Given data
BEGIN
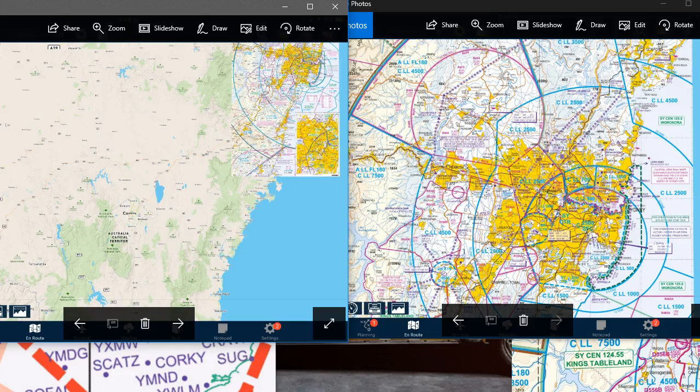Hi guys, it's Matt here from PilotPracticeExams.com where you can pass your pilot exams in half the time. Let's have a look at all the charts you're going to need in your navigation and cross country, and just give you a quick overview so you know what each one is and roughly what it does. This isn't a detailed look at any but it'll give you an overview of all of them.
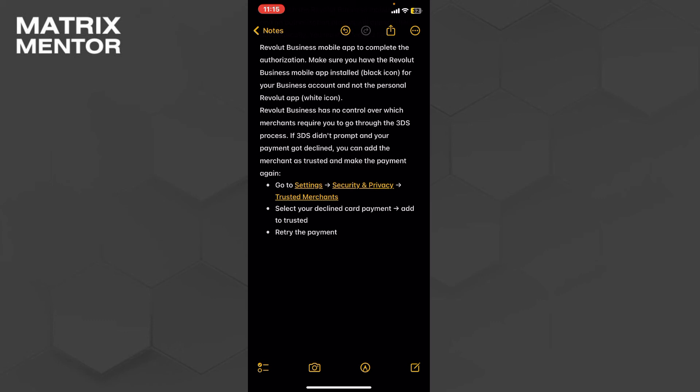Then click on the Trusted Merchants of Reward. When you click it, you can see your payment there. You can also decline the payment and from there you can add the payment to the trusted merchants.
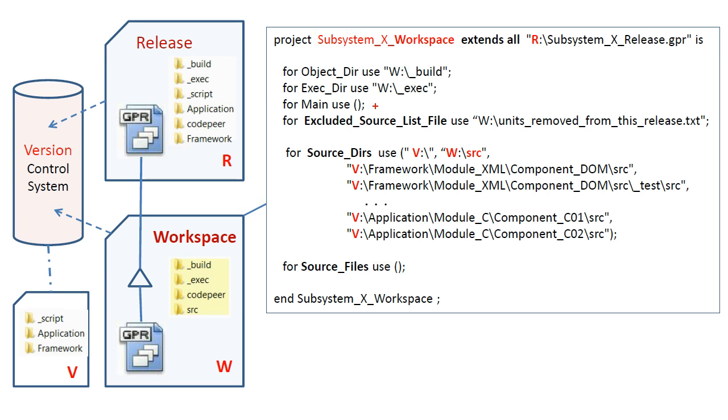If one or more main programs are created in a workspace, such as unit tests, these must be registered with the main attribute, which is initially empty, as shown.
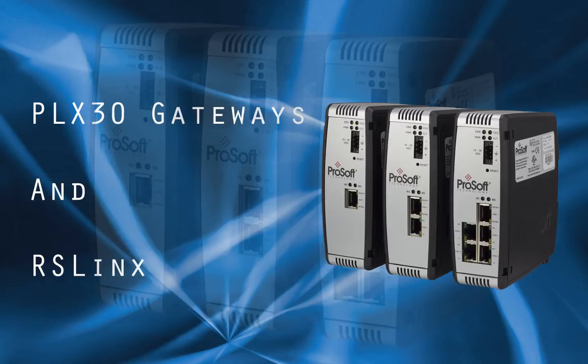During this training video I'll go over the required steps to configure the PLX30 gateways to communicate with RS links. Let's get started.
END
BEGIN
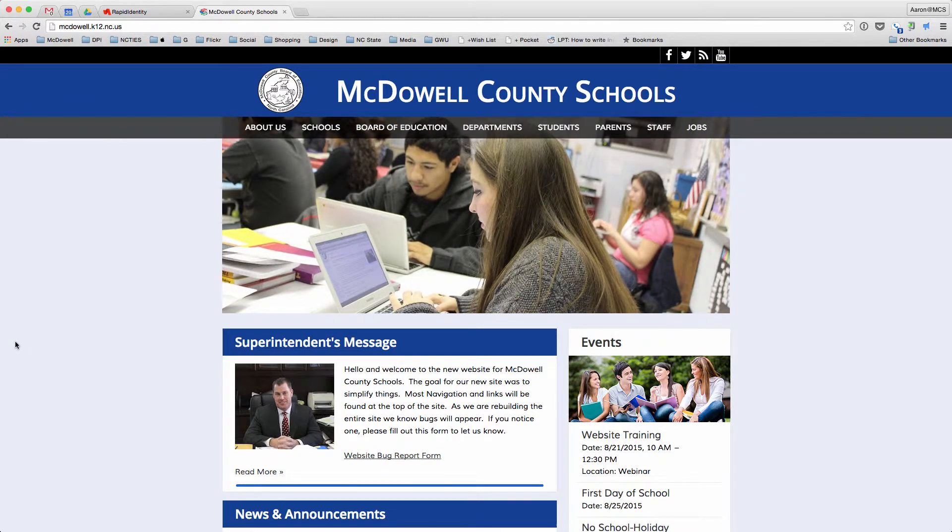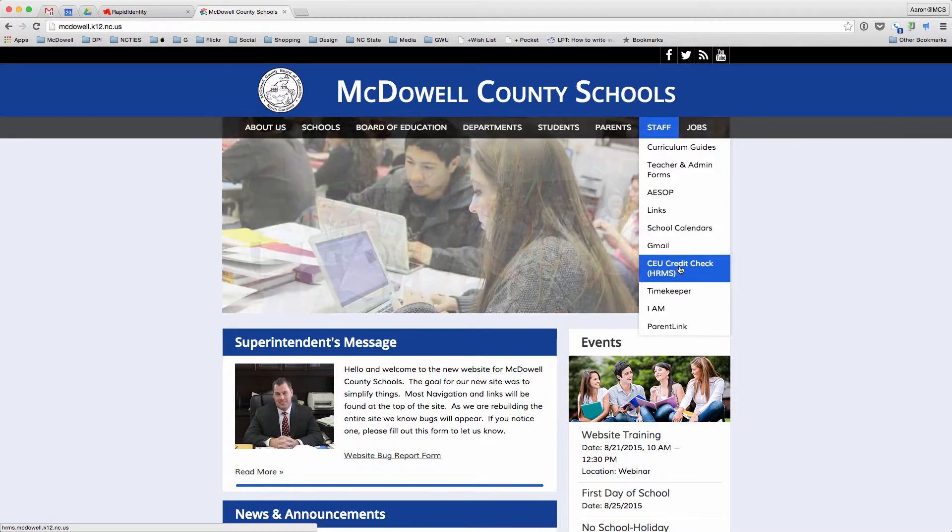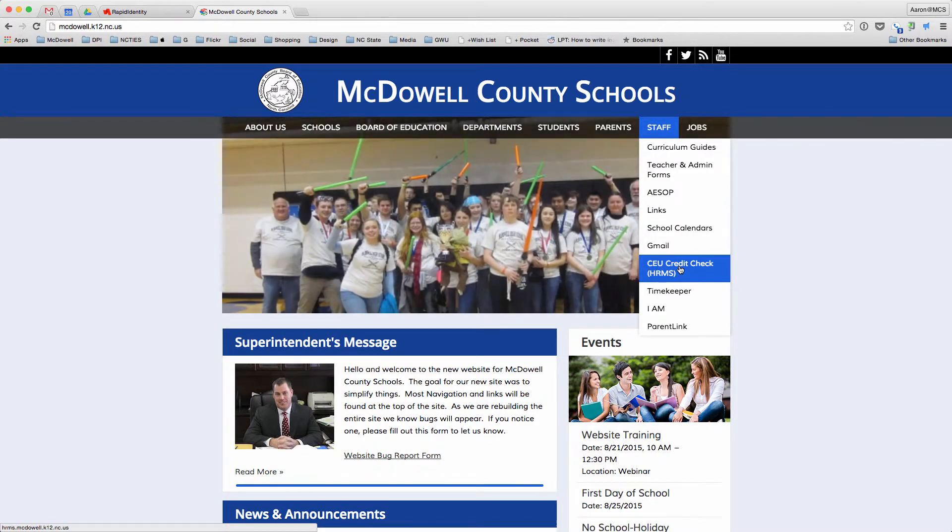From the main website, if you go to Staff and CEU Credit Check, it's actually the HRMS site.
END
BEGIN
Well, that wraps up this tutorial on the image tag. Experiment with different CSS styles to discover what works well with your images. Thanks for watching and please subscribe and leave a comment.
END
Exercise prompt
Transcribe, exactly and without pictures, everything in the data from the line with "Hi guys, it's" down to the line with "During this training", both included.

Solution to this task
Hi guys, it's Matt here from PilotPracticeExams.com where you can pass your pilot exams in half the time. Let's have a look at all the charts you're going to need in your navigation and cross country, and just give you a quick overview so you know what each one is and roughly what it does. This isn't a detailed look at any but it'll give you an overview of all of them.
Then click on the Trusted Merchants of Reward. When you click it, you can see your payment there. You can also decline the payment and from there you can add the payment to the trusted merchants.
If one or more main programs are created in a workspace, such as unit tests, these must be registered with the main attribute, which is initially empty, as shown.
During this training video I'll go over the required steps to configure the PLX30 gateways to communicate with RS links. Let's get started.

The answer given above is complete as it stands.